Ecosyste.ms: Awesome

An open API service indexing awesome lists of open source software.

Awesome Lists | Featured Topics | Projects

https://github.com/google/wuffs

Wrangling Untrusted File Formats Safely
https://github.com/google/wuffs

codec memory-safety parsing programming-language

Last synced: 4 days ago
JSON representation

Wrangling Untrusted File Formats Safely

Awesome Lists containing this project

README

        

Wuffs is a **memory-safe programming language** (and a **standard library**
written in that language) for **Wrangling Untrusted File Formats Safely**.
Wrangling includes parsing, decoding and encoding. Example file formats include
images, audio, video, fonts and compressed archives.

It is [**"ridiculously
fast"**](https://twitter.com/richgel999/status/1481027198530248714).
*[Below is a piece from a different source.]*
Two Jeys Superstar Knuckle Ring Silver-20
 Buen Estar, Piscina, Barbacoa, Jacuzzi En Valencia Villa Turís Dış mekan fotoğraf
![Screenshot of a tweet saying "ridiculously
fast"](./test/data/ridiculously-fast.png)

Per its [benchmarks](/doc/benchmarks.md) and other linked-to blog posts:

- It can decode bzip2 **[1.3x faster than `/usr/bin/bzcat`
(C)](https://nigeltao.github.io/blog/2022/wuffs-bzip2-decoder.html)**.
- It can decode deflate up to **1.4x faster than zlib-the-library (C)**.
- It can decode GIF **2x-6x faster than "giflib" (C), "image/gif" (Go) and
"gif" (Rust)**.
- It can decode PNG **[1.2x-2.7x faster than "libpng" (C), "image/png" (Go) and
"png"
(Rust)](https://nigeltao.github.io/blog/2021/fastest-safest-png-decoder.html)**.

## Goals and Non-Goals

Wuffs' goal is to produce software libraries that are as safe as Go or Rust,
roughly speaking, but as fast as C, and that can be used anywhere C libraries
are used. This includes very large C/C++ projects, such as popular web browsers
and operating systems (using that term to include desktop and mobile user
interfaces, not just the kernel).

[Wuffs the Library](/doc/wuffs-the-library.md) is [available](/release/c) as
transpiled C code. Other C/C++ projects can **use that library without
requiring the [Wuffs the Language](/doc/wuffs-the-language.md) toolchain**.
Those projects can use Wuffs the Library like using any other third party C
library. It's just not hand-written C.

However, unlike hand-written C, Wuffs the Language is safe with respect to
buffer overflows, integer arithmetic overflows and null pointer dereferences. A
key difference between Wuffs and other memory-safe languages is that **all such
checks are done at compile time, not at run time**. If it compiles, it is safe,
with respect to those three bug classes.

The trade-off in aiming for both safety and speed is that Wuffs programs take
longer for a programmer to write, as they have to **explicitly annotate their
programs with proofs of safety**. A statement like `x += 1` unsurprisingly
means to increment the variable `x` by `1`. However, in Wuffs, such a statement
is a compile time error unless the compiler can also prove that `x` is not the
maximal value of `x`'s type (e.g. `x` is not `255` if `x` is a `base.u8`), as
the increment would otherwise overflow. Similarly, an integer arithmetic
expression like `x / y` is a compile time error unless the compiler can also
prove that `y` is not zero.

## Hermeticity

Wuffs is not a general purpose programming language. **It is for writing
libraries, not programs**. Wuffs code is [hermetic](/doc/note/hermeticity.md)
and can only compute (e.g. convert "compressed bytes" to "decompressed bytes").
**It cannot make any syscalls** (e.g. it has no ambient authority to read your
files), implying that it cannot allocate or free memory (and is therefore
trivially safe against things like memory leaks, use-after-frees and
double-frees).

It produces [Sans I/O style](https://sans-io.readthedocs.io/) libraries (but C
libraries, not Python), meaning that they are agnostic to ['function
colors'](https://journal.stuffwithstuff.com/2015/02/01/what-color-is-your-function/).
They can be combined with synchronous or asynchronous I/O, as the library
caller (not library implementation) is responsible for the actual I/O.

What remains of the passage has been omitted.